Jésus lui répond: “ Amen, je te le déclare: aujourd’hui, avec moi, tu seras dans le paradis”.
Admirable dernière phrase de l’évangile du jour. Proclamation certaine du pardon immédiat, gratuit, absolu.
Vous, les hommes, vous m’avez jeté dans la fournaise de la haine, de la violence. Mais je suis votre Sauveur qui brûle du feu de la miséricorde et j’ai pouvoir de vous transférer de l’enfer du Golgotha au paradis de l’amour. Ce paradis n’est rien d’autre que de “vivre avec moi”.
CONCLUSION
La croix, si elle est un paroxysme de la méchanceté des hommes, n’est pas l’apologie de la souffrance, ni le décret d’une divinité avide de vengeance, ni l’aboutissement inévitable d’un destin fatal.
Elle est l’épiphanie de l’incroyable miséricorde de Dieu, la proclamation de Jésus Seigneur non par la force mais par le pardon.

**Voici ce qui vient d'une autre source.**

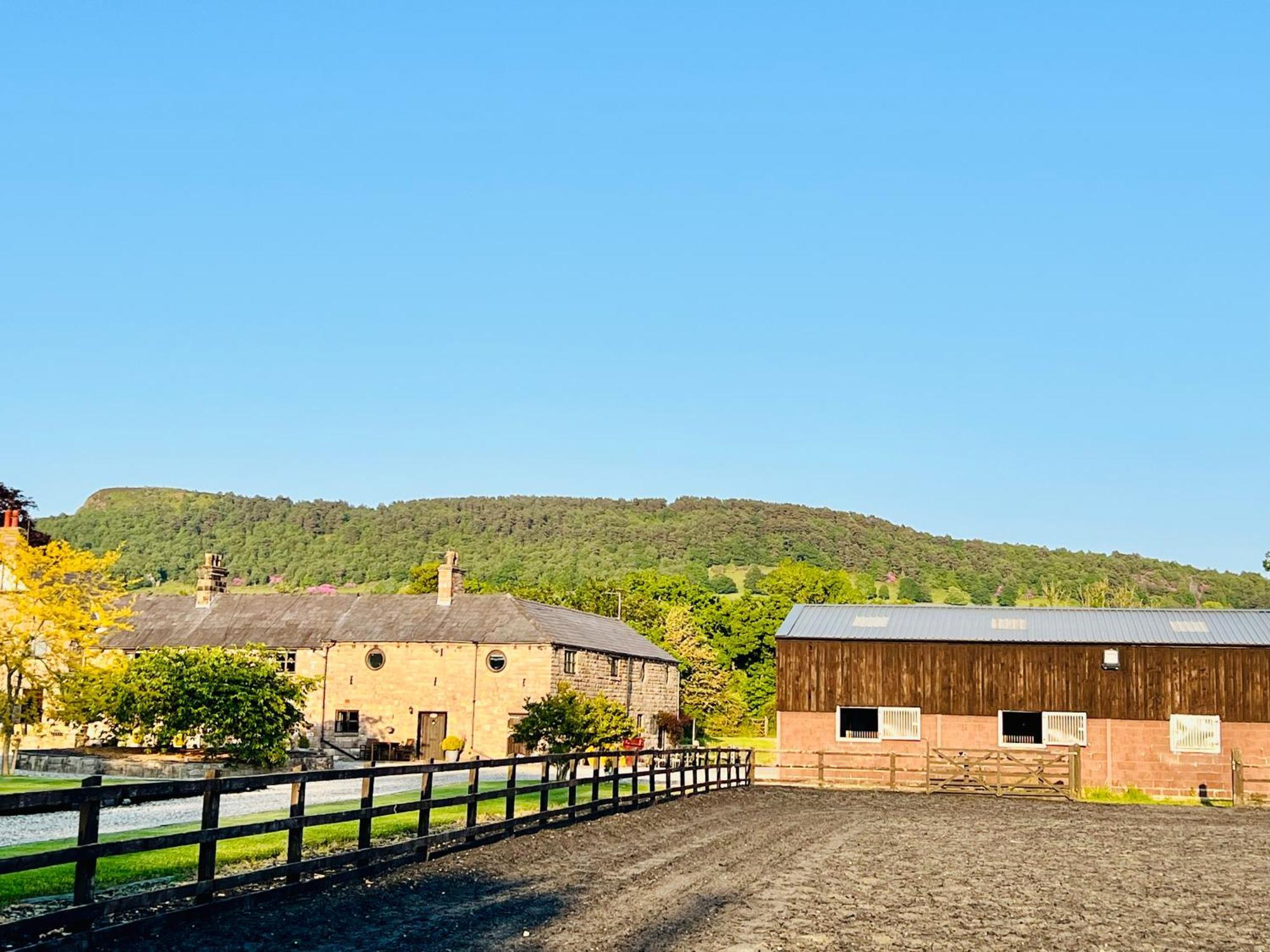 Villa The Saddlery Cheshire Congleton Exterior foto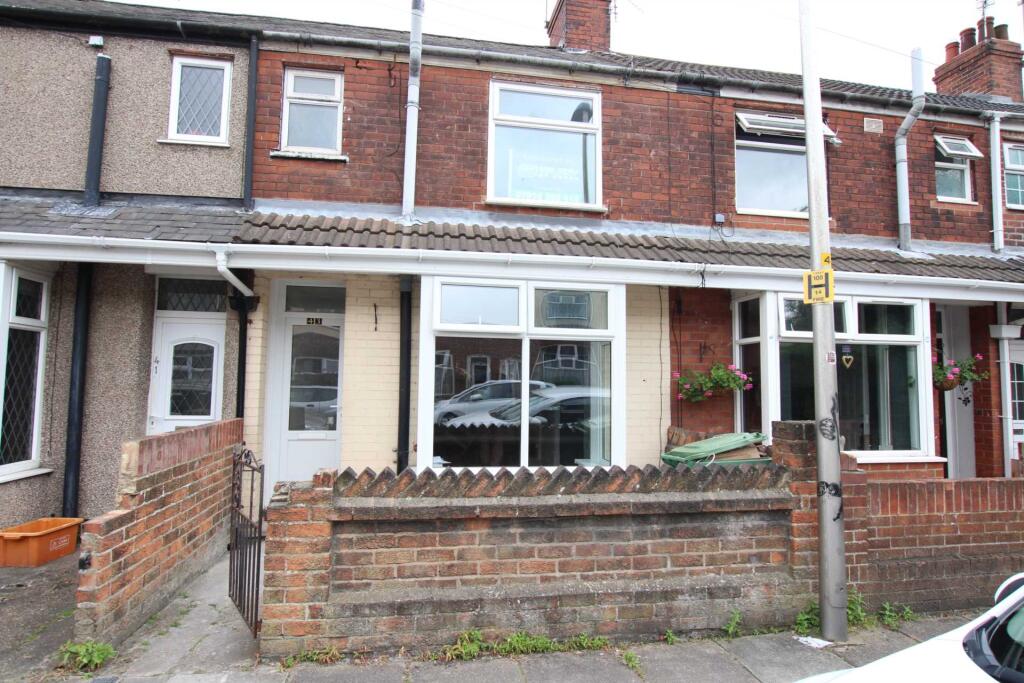 Main image of property: Lancaster Avenue, Grimsby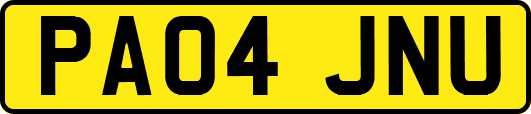 PA04JNU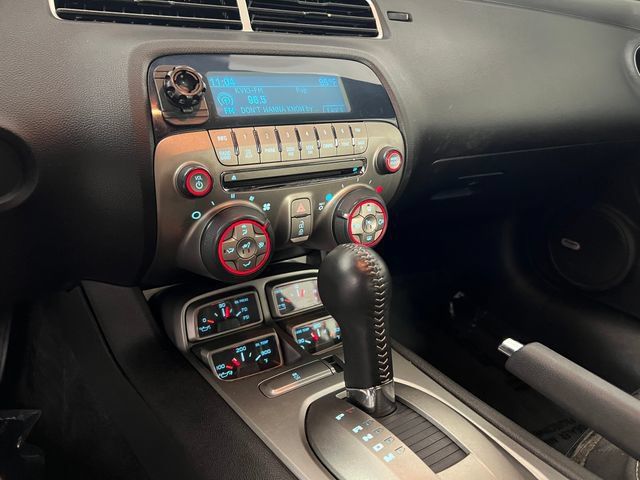 Used 2010 Chevrolet Camaro SS w/ RS Package RWD image 17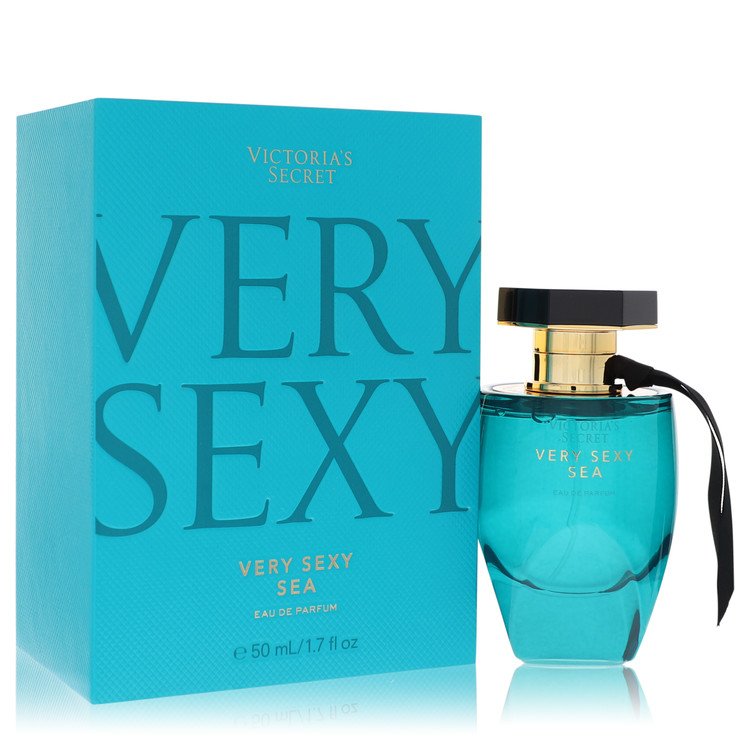 Very Sexy Sea by Victoria's Secret Eau De Parfum Spray 1.7 oz for Women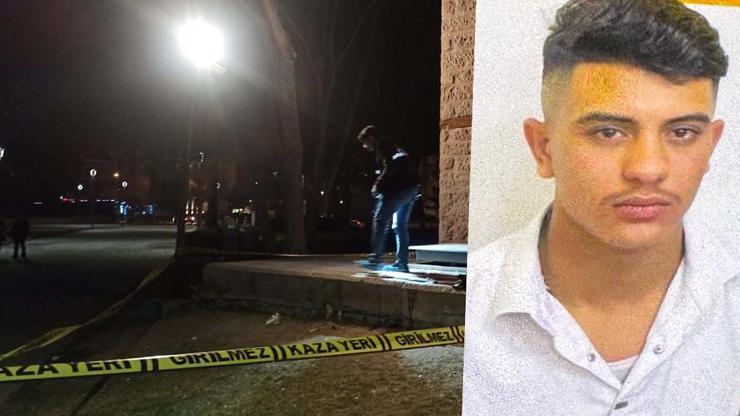 Konyada akılalmaz olay Ne oturuyorsun kavgasında can verdi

Au terme de cette année, rendons grâce au cher Luc qui nous a fait connaître ces merveilleux personnages recréés par la confiance: Marie, assise aux pieds de Jésus pour se nourrir de sa parole; le fils prodigue accueilli dans les bras de son vieux père bouleversé; le petit Zachée, découvrant la joie de partager sa richesse, parce que Jésus était venu chercher et sauver ce qui était perdu; Pierre pleurant sa lâcheté et reniant son maître qui le regardait avec tendresse; le zélote crucifié qui appelait au secours et qui allait, aujourd’hui, demeurer avec Jésus dans le Royaume; les disciples écrasés par le scandale de la croix, retournant à Emmaüs et que Jésus rejoint en douceur pour les retourner par sa Parole et la fraction du pain.
Avec tous ces croyants et la multitude des pécheurs, nous confessons que Jésus le crucifié vivant est notre Seigneur. Nous nous promettons de devenir des disciples plus obéissants et de témoigner avec assurance de Celui qui, chaque dimanche, nous rassemble par l’écoute de sa Parole et le partage de son Pain.
Que jamais nous ne choisissions un autre Seigneur. Que jamais nous ne doutions qu’Il ne cesse de nous chercher et de nous accueillir dans sa Miséricorde.